Validation of SplitVectors Encoding for Quantitative Visualization of Large-Magnitude-Range Vector Fields

We designed and evaluated SplitVectors, a new vector field display approach to help scientists perform new discrimination tasks on large-magnitude-range scientific data shown in three-dimensional (3D) visualization environments. SplitVectors uses scientific notation to display vector magnitude, thus improving legibility. We present an empirical study comparing the SplitVectors approach with three other approaches - direct linear representation, logarithmic, and text display commonly used in scientific visualizations. Twenty participants performed three domain analysis tasks: reading numerical values (a discrimination task), finding the ratio between values (a discrimination task), and finding the larger of two vectors (a pattern detection task). Participants used both mono and stereo conditions. Our results suggest the following: (1) SplitVectors improve accuracy by about 10 times compared to linear mapping and by four times to logarithmic in discrimination tasks; (2) SplitVectors have no significant differences from the textual display approach, but reduce cluttering in the scene; (3) SplitVectors and textual display are less sensitive to data scale than linear and logarithmic approaches; (4) using logarithmic can be problematic as participants’ confidence was as high as directly reading from the textual display, but their accuracy was poor; and (5) Stereoscopy improved performance, especially in more challenging discrimination tasks.
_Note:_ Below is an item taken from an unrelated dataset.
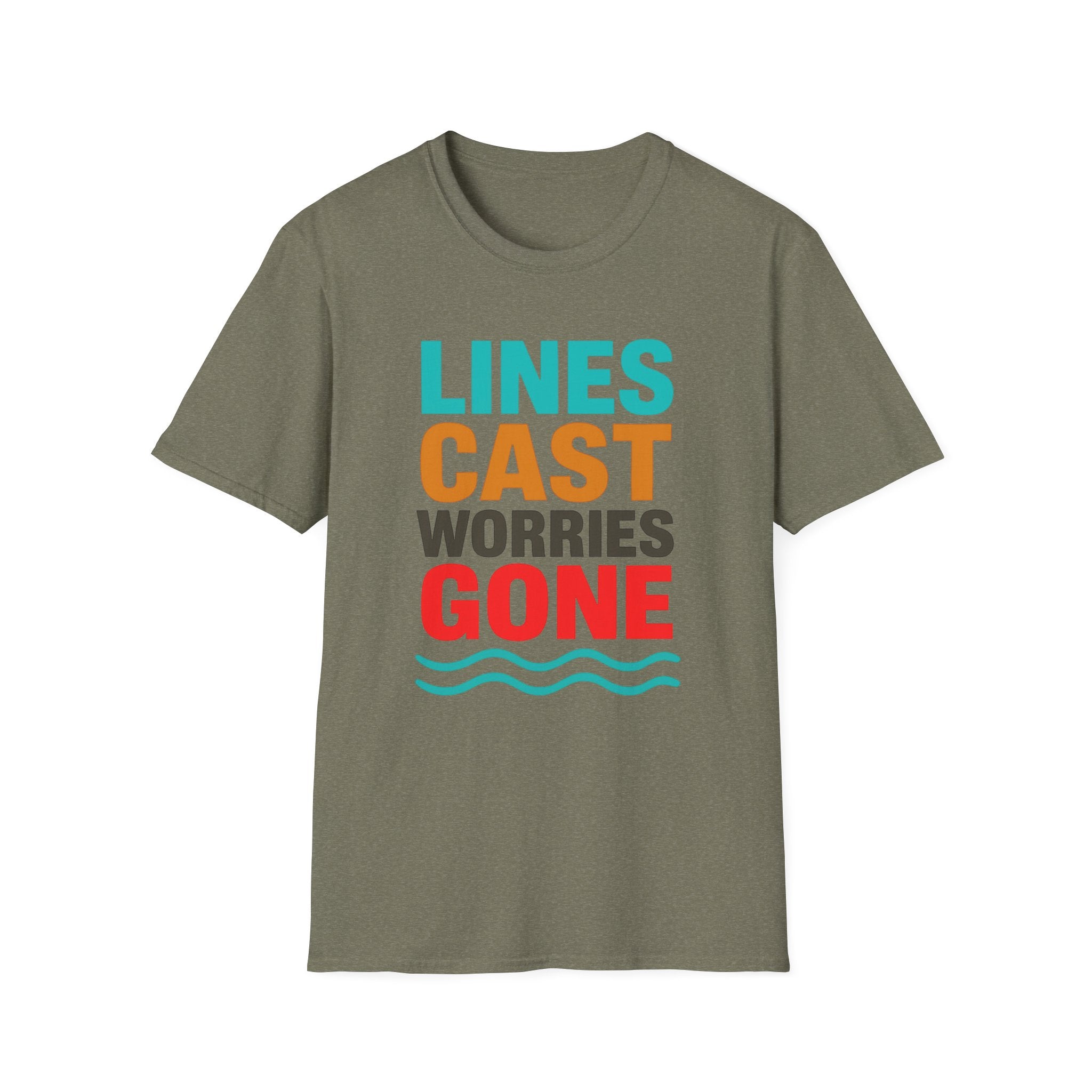 Relaxing Lines cast worries gone T-Shirt - Unisex Softstyle Tee, Casual Wear, Gift for Fishermen, Summer Vibes, Relaxation Shirt
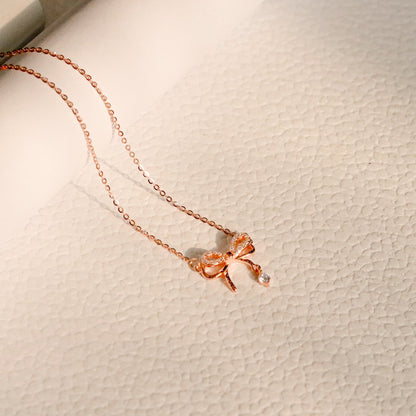 ELOREVA Tiny Bow Ahri Necklace – 18K Rose Gold & Platinum Plated 925 Sterling Silver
Application creation for an immersive virtual measurement and analysis laboratory

Content creation for realtime interactive systems is a difficult problem. In game development, content creation pipelines are a major portion of the code base and content creation is a major portion of the budget. In research environments, the choice of rendering and simulation systems is frequently driven by the need for easy to use content authoring tools. In visualization, this problem is compounded by the widely varying types of data that users desire to visualize. We present a visualization application creation framework incorporated into our visualization system that enables measurement and quantitative analysis tasks in both desktop and immersive environments on diverse input data sets.

Validation of SplitVector encoding and stereoscopy for quantitative visualization of quantum physics data in virtual environments

We designed and evaluated SplitVector, a new vector field display approach to help scientists perform new discrimination tasks on scientific data shown in virtual environments (VEs). Our empirical study compared the SplitVector approach with three other approaches of direct linear representation, log, and text display common in information-rich VEs or IRVEs. Our results suggest the following: (1) SplitVectors improve the accuracy by about 10 times compared to the linear mapping and by 4 times to log in discrimination tasks; (2) SplitVectors lead to no significant differences from the IRVE text display approach, yet reduce the clutter; and (3) SplitVector improved task performance in both mono and stereoscopy conditions.